Microsurgery: Transplantation and Replantation by Harry J. Buncke, MD, et al.
  Table of Contents / Epilogue
  The thumb was amputated after isolating comparable structures. The radial artery was carefully mobilised into the base of the thenar eminence, cleaned of adventitia, clamped with atraumatic clamps and transected. The cephalic vein was mobilised out into the first web space and clamped in a similar fashion. The extensor pollicis longus and flexor pollicis longus tendons were identified and cut long. The digital nerves to the thumb and motor branch of the thenar eminence were mobilised proximally into the wrist and split off the trunk of the median nerve and left long. At this point the tourniquet was released and obvious bleeders clamped and tied.

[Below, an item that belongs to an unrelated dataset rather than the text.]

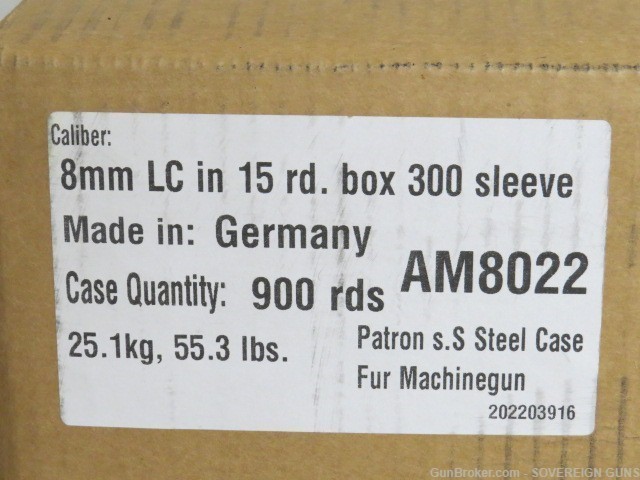 German 8mm Mauser Ammo Sealed 300rd Battle Pack WW2 1942 1943-img-2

The amputated thumb was then discarded and the free hallux brought into position (Figs. 2 D, E, F and 3 B, C). Stability was provided by a stainless steel pin passed across the metatarsal navicular joint. The extensor hallucis longus was sutured to the extensor pollicis longus and the flexor hallucis longus was sutured to the flexor pollicis longus with a single double right angle suture of 4.0 nylon in each tendon. The vascular repairs were then undertaken utilising the Zeiss Diploscope for magnification and 10 micron monofilament nylon with a fusiform metalised needle tip for the suture material (Buncke and Schultz, 1965).


FIG. 5 A, Transplant No. 1 at two weeks, primary healing of all incisions, with minimal swelling. B, Transplant No. 1 at two months. C, Transplant No. 2 at two weeks. D, Transplant No. 2 at two months.

Fig. 6.-Transplant No. 3 at ten days - complete necrosis of hallux.

Fig. 7.-Photomicrograph of a longitudinal section through a patent vein anastomosis showing continuity of intima and minimal reaction about suture material.